Why Do We Fill With 50 Percent Grey When Dodging and Burning in Photoshop? Are We Doing It Wrong?


Creating a soft light layer and filling it with 50% gray has been a tried and tested Photoshop technique for as long as anyone can remember. However, why do we do this for dodging and burning, and is there a better way of working? This short video asks some surprising questions.

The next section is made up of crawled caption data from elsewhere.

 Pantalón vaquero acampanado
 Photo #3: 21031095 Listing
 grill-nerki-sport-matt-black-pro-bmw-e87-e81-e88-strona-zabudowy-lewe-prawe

Unmesh Dinda of PiXimperfect is widely regarded as one of the leading authorities when it comes to teaching Photoshop skills, and even he’s a little bit stumped by this question which, it turns out, was posed in the comments of one of his own videos. Intrigued, he decided to dig deeper to try and figure out the logic behind what many of us do as a standard part of our portrait editing workflow.

Dinda provides a link to this tutorial, which is incredibly useful if this technique is new to you. If you’re just starting out when it comes to retouching skin, it’s important to remember that brightening an image will also reduce the saturation, while darkening it will increase the saturation. While small changes to a person’s skin using this dodge and burn technique probably won’t have a noticeable effect, it’s worth keeping in mind that more pronounced changes could require you to then make some further adjustments to the color to keep it looking natural.

Is Dinda onto something? Can you find any difference when using an empty layer? Be sure to check the comments to the video as YouTube user thinkingpixels has come up with an answer, which also discusses the color implications mentioned above.